Remove your spouse’s name on any accounts that you plan to keep (such as your car, etc). Move the utilities and any other bills into one name. If you share joint credit cards, divvy up the balance and open a credit card in just your name, and transfer the balance over to the new account. BE SURE all joint credit cards are closed.

3. Sell the house if possible. The best idea is to sell the house and split any profits. It is imperative to not walk away from your house with your name still on the mortgage. If selling the house is not an option, the person who ends up with the house needs to refinance it in his/her name alone as quickly as possible.

4. Divide all assets. Split all cash, property, and any other assets during the divorce. Do not share assets with an ex.

5. Be on guard online. An ex can do some real damage when armed with passwords to bank and credit card accounts. The first action should be password protecting your computer and your cell phone (this will ensure your ex does not add a sneaky spyware). Change ALL of your passwords on all of your accounts to something your soon to be ex would not know. Do not use birthdays, anniversaries, mother’s name, dog’s name, or anything else that your former beloved would be able to figure out. Phrases like “bobpleasedie” or “lovereallystinks” probably aren’t good ideas, either. A long password (10 characters or more) with letters in upper and lower case and numbers is the best option.

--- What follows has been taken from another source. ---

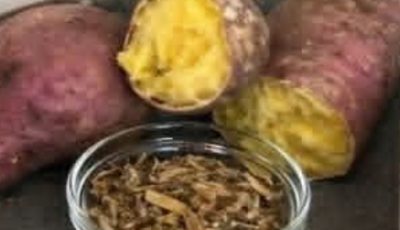 Natural Prostate Wellness at Home: Smart Foods, Herbal Routines, and Everyday Habits Men Should Know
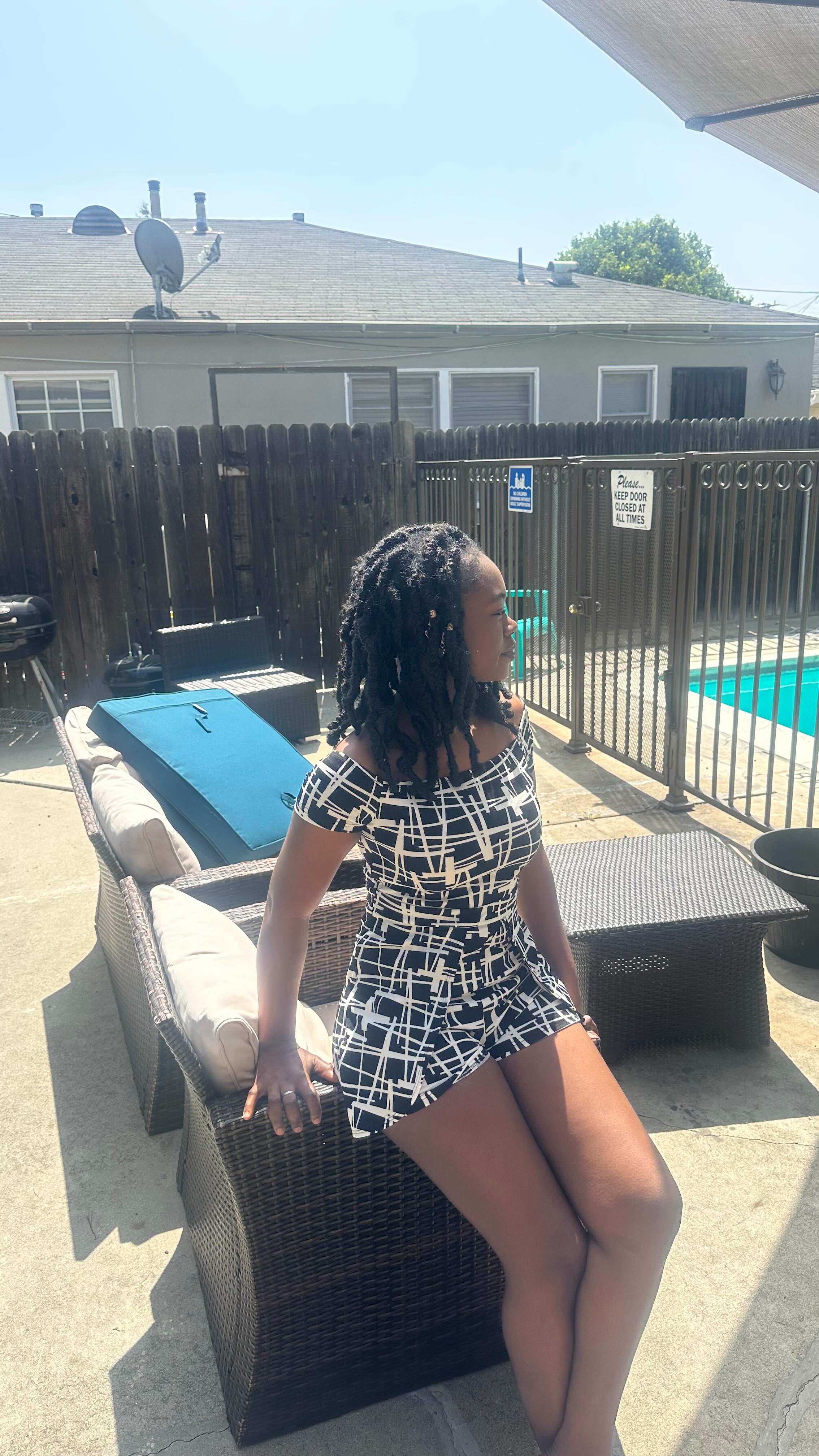 Privem nan IG:mikeina_jeanbaptiste Pou plis inf #pourtoi #avisyentiktok ...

6. Check your credit report. This is a good all-round rule for everyone. However, it’s especially important after going through a divorce. Pull a credit report every 3-4 months, and scour it to make certain all joint accounts are closed and that there are no accounts you do not recognize. Follow up on any errors and get them cleared up immediately.

7. Change your will and life insurance beneficiaries. When moving on after a divorce, make certain to review all important documents, and implement changes where necessary. Remove the ex’s name from your will and any insurance policies in which he/she is named.

Divorce is never a fun endeavor. However, by being educated about the financial facts and following these simple tips, you can make it much easier to move forward and avoid the financial pitfalls that many people fall into when ending a marriage.